Geleitwort zur Tagung


GQW-Fachtagung 2007 in Ilmenau

Messbare Qualität

Im Jahr 2007 findet die Jahrestagung 2007 der GQW zum Thema "Messbare Qualität" der Technischen Universität Ilmenau, Fakultät für Maschinenbau in Zusammenarbeit mit der Gesellschaft für Qualitätswissenschaft e.V. Berlin und mit der OptoNet e.V. Jena statt.

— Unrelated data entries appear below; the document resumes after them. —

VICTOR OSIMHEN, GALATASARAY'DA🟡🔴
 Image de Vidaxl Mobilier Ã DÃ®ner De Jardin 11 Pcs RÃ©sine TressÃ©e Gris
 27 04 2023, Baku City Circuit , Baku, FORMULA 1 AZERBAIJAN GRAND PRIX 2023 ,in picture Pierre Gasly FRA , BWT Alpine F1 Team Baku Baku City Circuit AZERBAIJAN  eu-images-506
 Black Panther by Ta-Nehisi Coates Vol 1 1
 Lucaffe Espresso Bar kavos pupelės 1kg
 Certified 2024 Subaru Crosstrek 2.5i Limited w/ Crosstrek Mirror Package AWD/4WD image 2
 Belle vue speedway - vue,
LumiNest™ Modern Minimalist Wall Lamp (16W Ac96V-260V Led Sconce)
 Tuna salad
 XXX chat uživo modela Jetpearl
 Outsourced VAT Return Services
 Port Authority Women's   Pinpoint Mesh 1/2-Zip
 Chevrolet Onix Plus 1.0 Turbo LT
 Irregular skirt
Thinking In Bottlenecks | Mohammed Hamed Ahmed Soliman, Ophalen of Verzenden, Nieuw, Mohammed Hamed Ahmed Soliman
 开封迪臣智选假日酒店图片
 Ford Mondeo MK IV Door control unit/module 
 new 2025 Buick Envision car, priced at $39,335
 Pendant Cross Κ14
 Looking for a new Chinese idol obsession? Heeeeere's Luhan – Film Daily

Gemessen und gewogen hat der Mensch bereits in der Frühzeit, wobei er als Maßeinheite die Größen benutzte, die sein Körper bot. Es entwickleten sich örtlich begrenzte Festlegungen für Maße und Gewichte. Sie dienten im Wesentlichen der Orientierung des Menschen in Raum und Zeit, dem Warenaustausch und der Schaffung technischer Hilfsmittel für den Menschen.

"Es ist nötig, alles zu messen, was messbar ist, und zu versuchen, messbar zu machen, was es noch ist ist" (Galileo Galilei, 1564 - 1642)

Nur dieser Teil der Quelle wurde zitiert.